▶ Work required: Exact transcription of the data below is required, without the images.
━━ Recorded information ━━
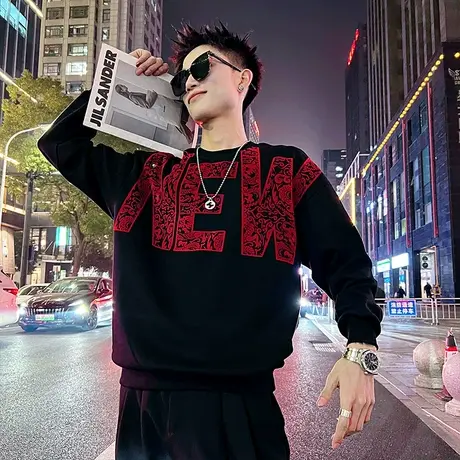 卫衣男春季潮牌ins国潮高级感时尚字母印花上衣宽松百搭长袖t恤衫商品大图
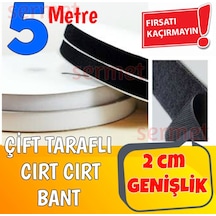 Beyaz Kablo Düzenleyici Cırt Cırt Bant 5 Metre 2 CM Çift Taraflı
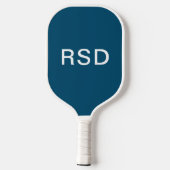Eenvoudig Modern Blauw Wit Monogram Initialen Pickleball Paddle (Achterkant)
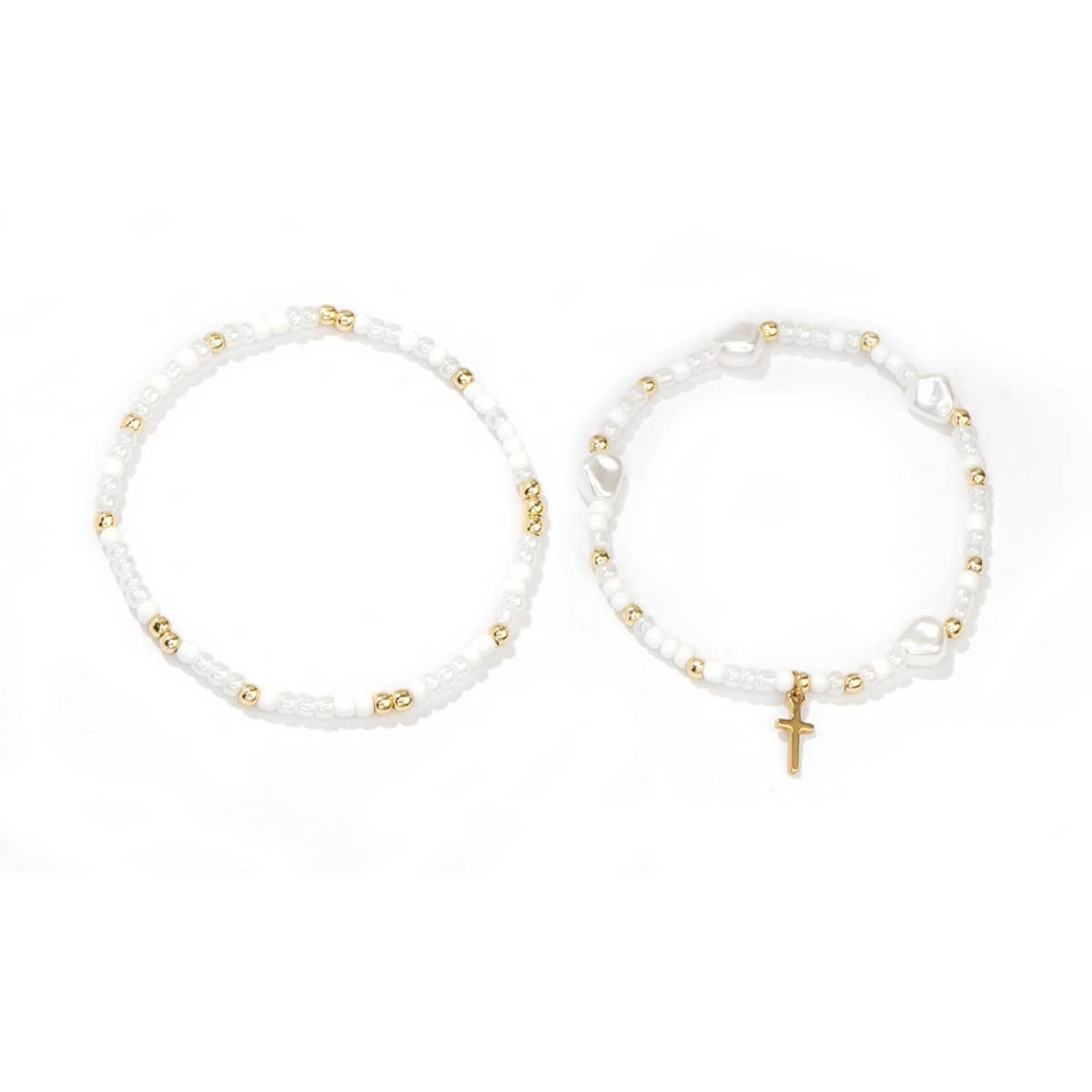 IMITATION PEARL CROSS RICE BEAD BRACELET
━━━
▶ Solution:
 卫衣男春季潮牌ins国潮高级感时尚字母印花上衣宽松百搭长袖t恤衫商品大图
 Beyaz Kablo Düzenleyici Cırt Cırt Bant 5 Metre 2 CM Çift Taraflı
Eenvoudig Modern Blauw Wit Monogram Initialen Pickleball Paddle (Achterkant)
 IMITATION PEARL CROSS RICE BEAD BRACELET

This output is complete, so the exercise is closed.